Une francophonie discrète
Le stage S3 Canada a présenté Élisabeth Maheu à une réalité peu connue au Québec : la francophonie en contexte minoritaire. À Victoria, où environ 2 % de la population se déclare francophone, la stagiaire a constaté à quel point il est difficile de communiquer en français en dehors des murs de l’école.
« Les seuls francophones que j’ai rencontrés, c’étaient les familles de l’école ou les employés. La plupart étaient d’origine québécoise, d’ailleurs », explique-t-elle. « Ce qui m’a frappée, c’est que, malgré la présence d’un parent francophone dans plusieurs foyers bilingues, c’est l’anglais qui prédomine à la maison. »
Une classe à trois vitesses
À l’école, l’étudiante québécoise a aussi subi un choc éducatif : celle d’un apprentissage en français à plusieurs vitesses. « Je croyais que tous les élèves parlaient français, mais non. Lorsqu’ils entrent à la maternelle, un tiers parlent déjà le français, un tiers le comprend, tandis qu’un dernier tiers ne le parle pas et ne le comprend pas. »
Selon elle, cette réalité éducative complique le travail des enseignants qui doivent non seulement enseigner la matière, mais également enrichir le vocabulaire des élèves, corriger les anglicismes et imposer le français comme langue de communication à l’école, y compris dans la cour de récréation.
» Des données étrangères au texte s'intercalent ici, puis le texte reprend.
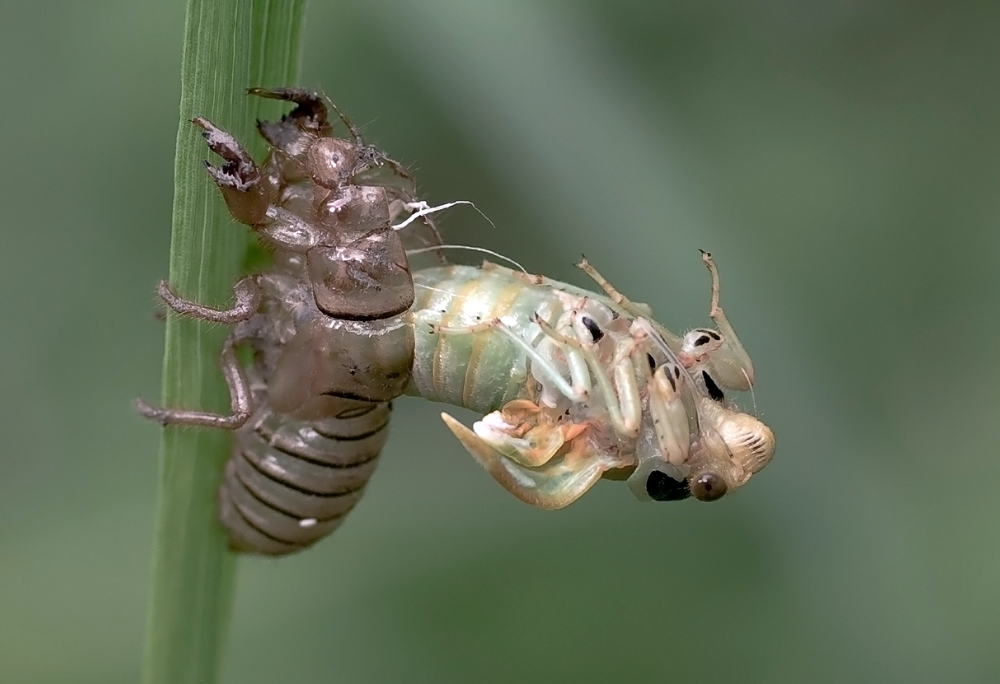 Нимфа, куколка, имаго: Что значат эти стадии у насекомых?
« Nous parlons lentement, nous exagérons les expressions faciales et nous employons des images. Malgré tous nos efforts, les jeunes ont tendance à retourner à l’anglais dès qu’ils le peuvent », dit-elle, insistant sur l’importance pour le personnel enseignant de valoriser et de féliciter les efforts des élèves en français.

Myriam Saindon, chargée du projet S3 Canada à l’ACELF | Association canadienne d’éducation de langue française
Une immersion encadrée
Myriam Saindon coordonne le stage S3 Canada de l’ACELF, un réseau pancanadien consacré à la construction identitaire qui incite les jeunes à intégrer la langue française et la culture francophone dans leur quotidien.
L’ACELF occupe un rôle de premier plan dans la mise en œuvre du stage S3 Canada, notamment en coordonnant l’ensemble du projet et en organisant une réunion préparatoire.
La responsable du stage précise toutefois que l’accompagnement sur le terrain repose surtout sur le milieu d’accueil, en collaboration avec l’université québécoise participante. « Le personnel des écoles et les familles hôtes sont les véritables piliers de l’expérience », souligne-t-elle. « Le soutien que perçoivent les étudiants dépend largement de la communauté-école. »
Bénéfices pédagogiques et culturels
« L’objectif est de permettre aux stagiaires d’apprendre dans un contexte éducatif et culturel différent, celui des communautés francophones en situation minoritaire, et d’enrichir leur parcours professionnel et personnel en s’intégrant au milieu », explique la chargée de projet à l’ACELF. « Plusieurs témoignages publiés sur le blogue Francosphère de l’ACELF démontrent à quel point cette expérience peut transformer une trajectoire. »
Myriam Saindon constate que l’expérience immersive révèle des différences marquantes avec le Québec. D’après les témoignages des stagiaires ayant effectué leur stage en C.-B., « le système scolaire se distingue par une inclusion accrue des élèves aux profils variés, une meilleure intégration des Premières Nations dans les programmes et une insécurité linguistique beaucoup plus tangible qu’au Québec .»
L’ACELF a, cette année, collaboré avec six universités québécoises et accompagné 42 stagiaires dans le cadre du stage S3 Canada.